The microflorae in the intestine of breast-fed infants are distinct from those that typically populate the intestine of formula-fed infants. Although the acquisition of passive immunity through breast-feeding may play a critical role in influencing the pattern of bacterial colonization of the gut, the precise mechanisms underlying the differences in the commensal microflorae of breast and formula-fed children have not been established. We hypothesized that the assemblage of commensal microflorae in suckling and weaned mice may be influenced by the maternal adaptive immune system. To test this hypothesis, we analyzed the intestinal microflorae of mice reared in the presence (wild-type) or absence of an intact maternal immune system (T- and B-cell deficient). Several types of bacteria (Lactobacillus, Enterococcus, Clostridium perfringens, Bifidobacterium, and Bacteroides) were isolated and enumerated from both the small and large intestine of 10-, 18-, 25- and 40- to 60-d old mice using selective media. The densities of bacteria were significantly lower in the small intestine of weaned mice that were reared by wild-type (WT) compared with immunodeficient (ID) dams. However, the microflorae were generally more abundant in the large intestine of suckling pups reared by WT compared with ID dams. Our results indicate that intestinal microflorae change throughout the suckling phase of development and that the maternal adaptive immune system influences the pattern and abundance of bacteria within the gut in an age- and site-specific manner.

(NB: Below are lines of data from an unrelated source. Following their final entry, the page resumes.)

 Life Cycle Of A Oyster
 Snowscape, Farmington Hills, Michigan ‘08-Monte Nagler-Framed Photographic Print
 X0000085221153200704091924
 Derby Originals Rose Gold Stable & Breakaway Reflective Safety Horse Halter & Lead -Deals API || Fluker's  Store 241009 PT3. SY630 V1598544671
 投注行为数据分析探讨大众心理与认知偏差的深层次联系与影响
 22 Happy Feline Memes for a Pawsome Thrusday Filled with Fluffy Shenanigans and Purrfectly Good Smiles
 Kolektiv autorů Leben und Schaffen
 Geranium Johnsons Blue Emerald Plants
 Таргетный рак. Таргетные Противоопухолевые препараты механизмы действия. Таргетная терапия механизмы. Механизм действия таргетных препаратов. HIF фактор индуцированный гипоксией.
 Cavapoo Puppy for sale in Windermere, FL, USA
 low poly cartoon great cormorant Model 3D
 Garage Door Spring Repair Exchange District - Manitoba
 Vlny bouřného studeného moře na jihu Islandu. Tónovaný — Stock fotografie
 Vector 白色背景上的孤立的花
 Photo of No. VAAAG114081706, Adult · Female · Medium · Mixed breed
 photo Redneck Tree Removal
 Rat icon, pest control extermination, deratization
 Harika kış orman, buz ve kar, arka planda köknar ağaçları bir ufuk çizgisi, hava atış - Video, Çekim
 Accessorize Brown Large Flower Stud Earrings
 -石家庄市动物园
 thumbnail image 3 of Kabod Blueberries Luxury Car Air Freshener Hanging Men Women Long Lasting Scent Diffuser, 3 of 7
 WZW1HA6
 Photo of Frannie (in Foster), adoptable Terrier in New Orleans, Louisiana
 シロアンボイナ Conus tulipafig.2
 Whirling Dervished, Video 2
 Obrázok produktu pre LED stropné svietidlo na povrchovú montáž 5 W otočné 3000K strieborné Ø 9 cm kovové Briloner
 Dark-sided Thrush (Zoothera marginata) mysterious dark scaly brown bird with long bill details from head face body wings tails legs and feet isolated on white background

Role of passive and adaptive immunity in influencing enterocyte-specific gene expression.

Numerous genes expressed by intestinal epithelial cells are developmentally regulated, and the influence that adaptive (AI) and passive (PI) immunity have in controlling their expression has not been evaluated. In this study, we tested the hypothesis that both PI and AI influenced enterocyte gene expression by developing a breeding scheme that used T and B cell-deficient recombination-activating gene (RAG) mice. RNA was isolated from the liver and proximal/distal small intestine at various ages, and the steady-state levels of six different transcripts were evaluated by RNase protection assay. In wild-type (WT) pups, all transcripts [Fc receptor of the neonate (FcRn), polymeric IgA receptor (pIgR), GLUT5, lactase-phlorizin hydrolase (lactase), apical sodium-dependent bile acid transporter (ASBT), and Na+/glucose cotransporter (SGLT1)] studied were developmentally regulated at the time of weaning, and all transcripts except ASBT had the highest levels of expression in the proximal small intestine. In WT suckling pups reared in the absence of PI, pIgR mRNA levels were increased 100% during the early phase of development. In mice lacking AI, the expression of pIgR and lactase were significantly attenuated, whereas FcRn and GLUT5 levels were higher compared with WT mice. Finally, in the absence of both passive and active immunity, expression levels of pIgR and lactase were significantly lower than similarly aged WT mice. In summary, we report that the adaptive and passive immune status of mice influences steady-state mRNA levels of several important, developmentally regulated enterocyte genes during the suckling and weaning periods of life.